A third category of fruit-bearing relates to our conversation, namely our worship of the Lord and the frequency by which we render thanks to the Lord. Heb. 13:15 reminds us: “By Him therefore, let us offer the sacrifice of praise to God continually that is the fruit of our lips, giving thanks unto His Name”. We should thank the Lord continually for all He did for us in salvation and all He does for us in His present intercessory ministry on our behalf. The leper that was healed along with nine other lepers demonstrated this fruit when he came back and consciously thanked the Lord, who was surprised that the others did not do the same. We are exhorted in 1 Thess. 5:18: “In everything give thanks for this is the will of God concerning you.” Each one of us ought to continually give thanks to the Lord, no matter what the situation may be. As Psalm 107;2 states: “Let the redeemed of the Lord who He hath redeemed from the hand of the enemy”.

The fourth category of fruit-bearing in the NT deals with those we win to the Lord, our converts. In writing to the Romans, Paul expressed his desire to win others for Christ when he said: “that I might have some fruit among you also, as also among the other Gentiles” (Romans 1:13). He also referred to the house of Stephanas as the firstfruits of Achaia. Certainly, this is fruit that will always remain since no true believer will ever perish. What a worthy endeavor! If the great apostle Paul humbly requested prayer to open his mouth and speak boldly for the Lord (Eph. 6:19-20), how much more should we ask for help in speaking for Christ? Certainly, Paul longed for this fruit in his life and we should too.

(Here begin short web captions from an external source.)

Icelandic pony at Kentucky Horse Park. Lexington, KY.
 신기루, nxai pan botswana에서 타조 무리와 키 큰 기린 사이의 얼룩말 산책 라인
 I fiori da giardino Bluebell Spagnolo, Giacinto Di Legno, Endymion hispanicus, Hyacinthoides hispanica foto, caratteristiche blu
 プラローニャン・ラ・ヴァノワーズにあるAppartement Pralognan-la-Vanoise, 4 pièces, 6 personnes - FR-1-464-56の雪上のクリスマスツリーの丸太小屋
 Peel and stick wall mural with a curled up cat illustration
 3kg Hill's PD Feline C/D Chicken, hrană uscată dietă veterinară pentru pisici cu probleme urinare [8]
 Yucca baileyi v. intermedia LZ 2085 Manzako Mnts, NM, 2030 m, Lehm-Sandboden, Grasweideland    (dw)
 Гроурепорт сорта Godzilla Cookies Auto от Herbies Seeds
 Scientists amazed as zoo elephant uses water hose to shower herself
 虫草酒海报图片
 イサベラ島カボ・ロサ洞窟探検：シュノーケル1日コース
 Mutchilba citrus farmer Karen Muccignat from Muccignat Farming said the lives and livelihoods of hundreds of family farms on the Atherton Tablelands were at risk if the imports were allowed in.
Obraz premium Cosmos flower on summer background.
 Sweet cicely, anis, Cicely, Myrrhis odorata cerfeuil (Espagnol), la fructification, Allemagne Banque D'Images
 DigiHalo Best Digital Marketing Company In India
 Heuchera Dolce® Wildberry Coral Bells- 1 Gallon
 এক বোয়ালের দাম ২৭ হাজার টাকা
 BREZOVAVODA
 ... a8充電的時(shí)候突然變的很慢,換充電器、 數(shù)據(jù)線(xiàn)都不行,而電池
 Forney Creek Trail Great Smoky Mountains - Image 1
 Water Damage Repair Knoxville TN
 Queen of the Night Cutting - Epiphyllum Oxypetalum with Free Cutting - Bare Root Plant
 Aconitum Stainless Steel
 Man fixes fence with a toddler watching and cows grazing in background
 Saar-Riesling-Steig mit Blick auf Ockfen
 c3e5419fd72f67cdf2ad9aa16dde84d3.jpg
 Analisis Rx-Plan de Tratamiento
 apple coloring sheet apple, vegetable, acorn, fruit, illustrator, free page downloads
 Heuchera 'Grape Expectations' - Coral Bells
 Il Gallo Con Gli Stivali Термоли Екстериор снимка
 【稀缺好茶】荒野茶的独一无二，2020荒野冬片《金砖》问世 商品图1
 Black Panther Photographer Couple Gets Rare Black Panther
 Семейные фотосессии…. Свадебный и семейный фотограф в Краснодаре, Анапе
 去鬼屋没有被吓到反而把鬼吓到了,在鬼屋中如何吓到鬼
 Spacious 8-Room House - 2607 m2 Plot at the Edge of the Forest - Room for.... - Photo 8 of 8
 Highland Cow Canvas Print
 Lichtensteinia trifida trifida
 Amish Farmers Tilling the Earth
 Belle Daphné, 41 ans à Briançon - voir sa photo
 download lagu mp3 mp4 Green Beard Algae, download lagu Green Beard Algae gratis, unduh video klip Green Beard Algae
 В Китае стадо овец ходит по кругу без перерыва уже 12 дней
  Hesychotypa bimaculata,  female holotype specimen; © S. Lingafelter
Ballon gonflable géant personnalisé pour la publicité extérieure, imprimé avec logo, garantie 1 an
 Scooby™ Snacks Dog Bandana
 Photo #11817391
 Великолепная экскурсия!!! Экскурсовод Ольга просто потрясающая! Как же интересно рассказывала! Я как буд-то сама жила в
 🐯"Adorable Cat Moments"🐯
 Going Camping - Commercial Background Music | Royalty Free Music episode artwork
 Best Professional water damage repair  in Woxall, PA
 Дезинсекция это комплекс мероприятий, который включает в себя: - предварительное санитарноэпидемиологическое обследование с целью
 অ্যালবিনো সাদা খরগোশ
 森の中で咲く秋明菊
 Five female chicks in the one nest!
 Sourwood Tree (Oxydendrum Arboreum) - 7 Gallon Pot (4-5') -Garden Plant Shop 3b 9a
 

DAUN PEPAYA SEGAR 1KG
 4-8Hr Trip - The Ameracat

To have these four aspects of fruit-bearing displayed in our lives is challenging enough—it requires that we honestly and objectively be before the Lord in prayer, and not just give Him lip service, but that we understand our responsibility and act on those duties with His help. But what truly makes the concept of fruit-bearing even more challenging is its progressive aspect alluded to by the Lord in the Upper Room Discourse. In John 15, the Lord explained that our fruit should advance from the level of no fruit, some fruit and more fruit (v. 2), to much fruit (v. 5, 8) and much glory to our Father in Heaven. Through extrapolation, this means that our fruit for God which was non-existent at one time in our lives before Christ, should always be on the increase. In other words, our joy, our patience, our love for others, our actions, our thanksgiving, our worship, those we win for Christ – these aspects of fruit-bearing should always be growing as we journey toward Heaven. But is it? Has our commitment to this fruit remained or has it become stagnant and static? Is it increasing or is it waning? Is it at the level that it once was when our lives were characterized by first love, or has it slipped back through sin or spiritual neglect? These are challenging questions indeed for every child of God who thinks through the issue of bearing fruit for God. Paul stated his desire to the Philippians to upwardly progress in his walk with the Lord when he said: “I press toward the mark of the prize of the high calling of God in Christ Jesus”. (Phil. 3:14) May that be our desire also as we think through our responsibility to increase in our responsibility of bearing fruit for God.